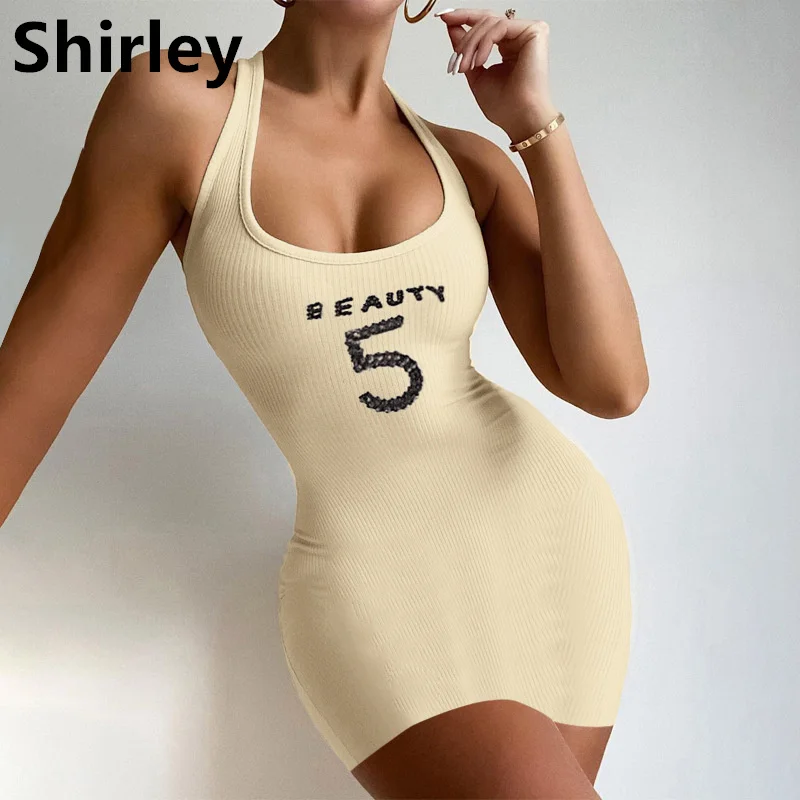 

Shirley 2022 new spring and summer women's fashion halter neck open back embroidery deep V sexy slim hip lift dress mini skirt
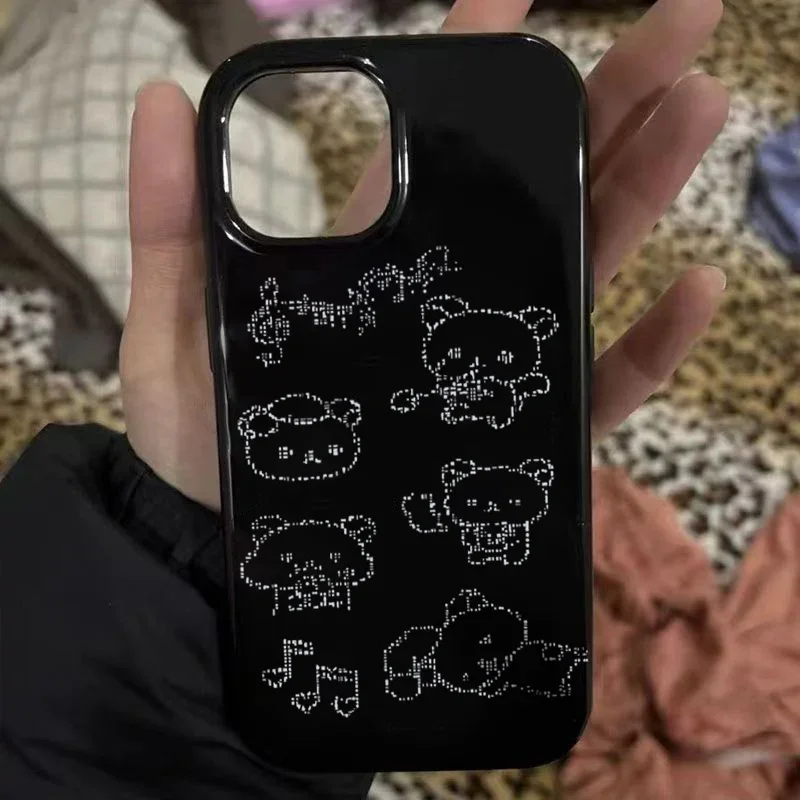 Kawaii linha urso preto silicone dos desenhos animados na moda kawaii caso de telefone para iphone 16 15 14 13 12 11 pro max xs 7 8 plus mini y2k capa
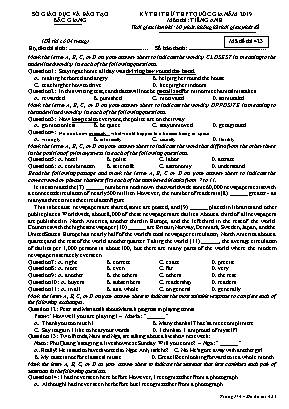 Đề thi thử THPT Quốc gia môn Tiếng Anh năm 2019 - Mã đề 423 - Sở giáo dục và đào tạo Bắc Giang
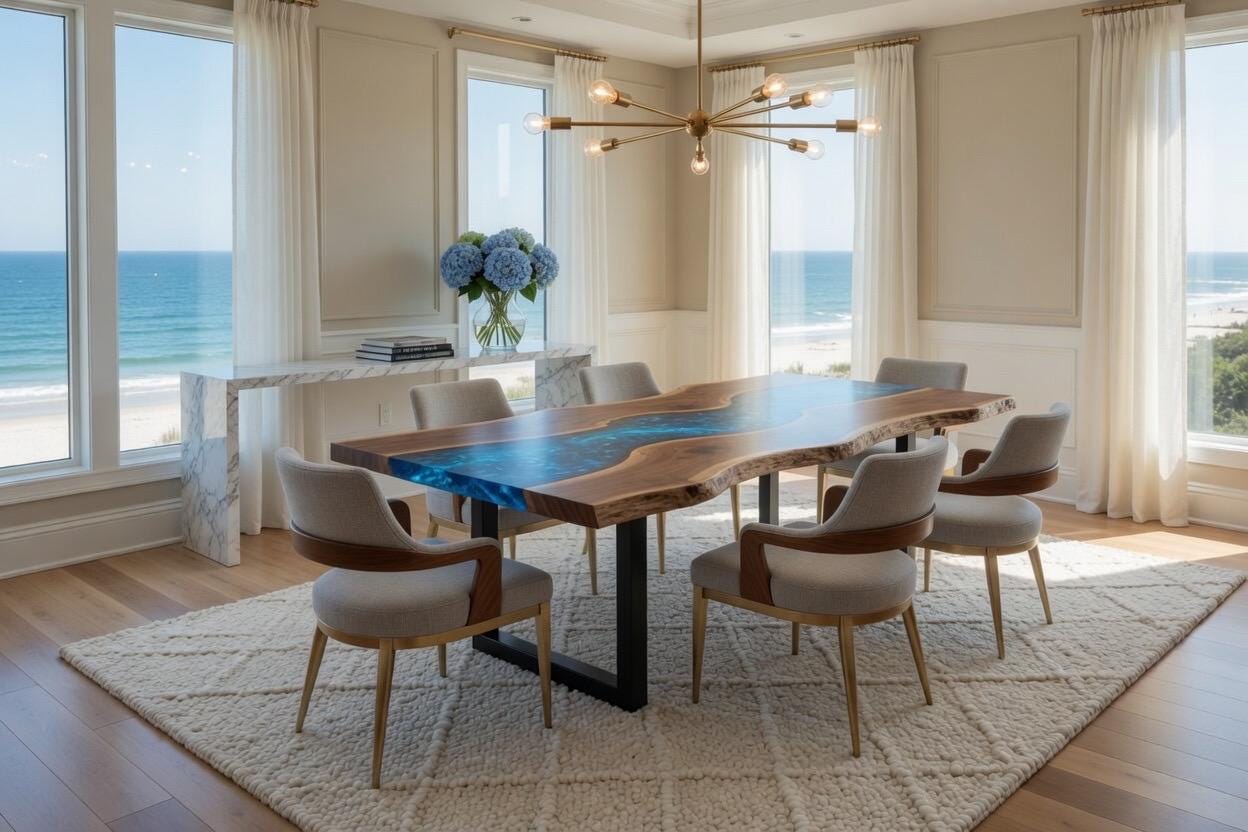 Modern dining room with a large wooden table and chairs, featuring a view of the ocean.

◇ ◇ ◇ ◇ ◇

» TASK DESCRIPTION: Before you finish, make sure every line above has been repeated exactly and no picture remains in the copy.

» TASK RESPONSE:
Shirley 2022 new spring and summer women's fashion halter neck open back embroidery deep V sexy slim hip lift dress mini skirt
 Kawaii linha urso preto silicone dos desenhos animados na moda kawaii caso de telefone para iphone 16 15 14 13 12 11 pro max xs 7 8 plus mini y2k capa
 Đề thi thử THPT Quốc gia môn Tiếng Anh năm 2019 - Mã đề 423 - Sở giáo dục và đào tạo Bắc Giang
 Modern dining room with a large wooden table and chairs, featuring a view of the ocean.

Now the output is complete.